WASHINGTON – News footage of derailed trains crumpled and scattered across the tracks are impressive to look at, but represent only a small fraction of all train derailments.
In fact, in Maryland the largest, single type of train accident between 2001 and 2004 were derailments when the train was moving less than 10 miles per hour that caused no injuries or deaths, according to a Capital News Service analysis of Federal Railroad Administration data.
The number of such low-speed derailments has been rising in Maryland, where the number jumped from 10 in 2001 to 26 in 2004, according to the data. This trend has not gone unnoticed by the FRA, which with its Railroad Safety Advisory Committee, is seeking ways to reduce the top causes of accidents in the nation.
Nationally, human error is the leading cause of all train accidents, accounting for 38.4 percent. A majority of those occur on low-speed tracks typically in the train yard, according to the FRA, which collects data on most freight and commuter trains in the country except those that operate on tracks that are not part of the general railroad system, such as Washington’s Metrorail.
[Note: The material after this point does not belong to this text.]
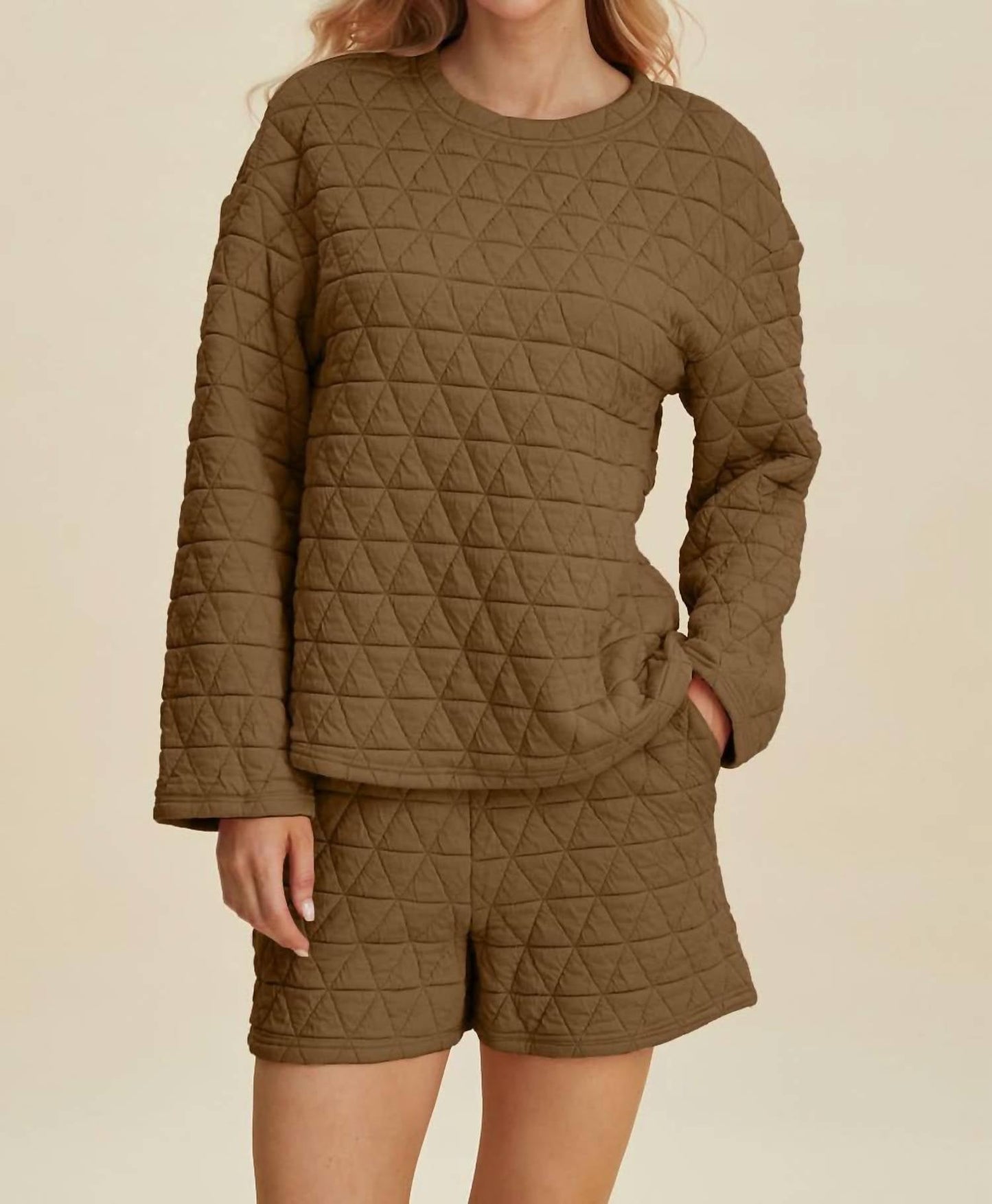 Double Take - Textured Top And Shorts Set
Derailments occurring when trains are moving at less than 10 miles per hour in Maryland caused about $1.7 million in track and equipment damage between 2001 and 2004, and 36 percent of them were caused by human error, according to the data.
The No. 1 human error, both nationally and in Maryland, was an improperly lined switch, which means a train was routed the wrong way because the track was misaligned at a split.
While none of the low-speed derailments in Maryland resulted in injury or death, an improperly lined switch in South Carolina in January on a high-speed track is blamed for an accident that killed nine people, according to the FRA.
Although most of the accidents and derailments occur on low-speed tracks, the FRA warned that they still pose a threat of injury and death, and the mistakes that cause many of them are errors that can be fatal on faster tracks.
The FRA requires railroad companies to have formal procedures, and employees are disciplined when they violate the rules. However, few of the most common human mistakes are prohibited by FRA regulations, and are only governed by each railroads’ procedures.
Low-speed tracks, such as those in yards, have fewer federal standards than high-speed tracks, said Steve Kulm, spokesman for the FRA, and the FRA is suggesting federal prohibitions against the most common violations to reduce the number of accidents.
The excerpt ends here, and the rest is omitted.